__WHAT NEEDS TO BE DONE__.
Anywhere the string "Women" shows up in the listing below, copy the line it is in.

__ENTRIES SUPPLIED__.
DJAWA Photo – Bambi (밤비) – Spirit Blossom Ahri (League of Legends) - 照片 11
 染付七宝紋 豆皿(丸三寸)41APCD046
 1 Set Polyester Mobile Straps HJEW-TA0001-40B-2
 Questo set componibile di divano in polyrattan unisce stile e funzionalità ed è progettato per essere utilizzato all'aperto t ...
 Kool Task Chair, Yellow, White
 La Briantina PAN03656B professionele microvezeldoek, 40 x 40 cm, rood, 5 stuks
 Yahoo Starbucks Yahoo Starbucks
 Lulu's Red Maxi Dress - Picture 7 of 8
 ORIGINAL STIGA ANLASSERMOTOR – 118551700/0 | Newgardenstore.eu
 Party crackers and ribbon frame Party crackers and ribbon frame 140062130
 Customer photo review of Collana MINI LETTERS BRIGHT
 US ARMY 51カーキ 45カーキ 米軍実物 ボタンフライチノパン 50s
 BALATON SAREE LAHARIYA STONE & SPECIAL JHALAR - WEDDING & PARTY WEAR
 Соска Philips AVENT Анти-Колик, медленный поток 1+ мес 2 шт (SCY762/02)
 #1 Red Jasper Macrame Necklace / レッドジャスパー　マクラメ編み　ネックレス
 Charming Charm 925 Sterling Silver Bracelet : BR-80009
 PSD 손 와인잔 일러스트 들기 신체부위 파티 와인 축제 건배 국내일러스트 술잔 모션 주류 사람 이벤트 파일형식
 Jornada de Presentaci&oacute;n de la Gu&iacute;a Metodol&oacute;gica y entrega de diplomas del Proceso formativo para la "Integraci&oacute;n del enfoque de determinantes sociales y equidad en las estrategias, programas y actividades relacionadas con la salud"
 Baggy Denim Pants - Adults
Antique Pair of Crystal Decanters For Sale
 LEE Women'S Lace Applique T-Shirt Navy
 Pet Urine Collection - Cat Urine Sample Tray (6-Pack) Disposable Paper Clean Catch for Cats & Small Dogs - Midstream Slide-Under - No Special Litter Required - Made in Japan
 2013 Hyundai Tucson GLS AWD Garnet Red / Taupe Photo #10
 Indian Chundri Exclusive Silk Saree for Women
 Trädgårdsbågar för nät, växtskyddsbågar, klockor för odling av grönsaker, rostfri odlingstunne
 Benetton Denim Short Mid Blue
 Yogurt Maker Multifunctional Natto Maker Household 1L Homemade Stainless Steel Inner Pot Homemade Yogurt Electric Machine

__EXPECTED OUTPUT__.
 LEE Women'S Lace Applique T-Shirt Navy
 Indian Chundri Exclusive Silk Saree for Women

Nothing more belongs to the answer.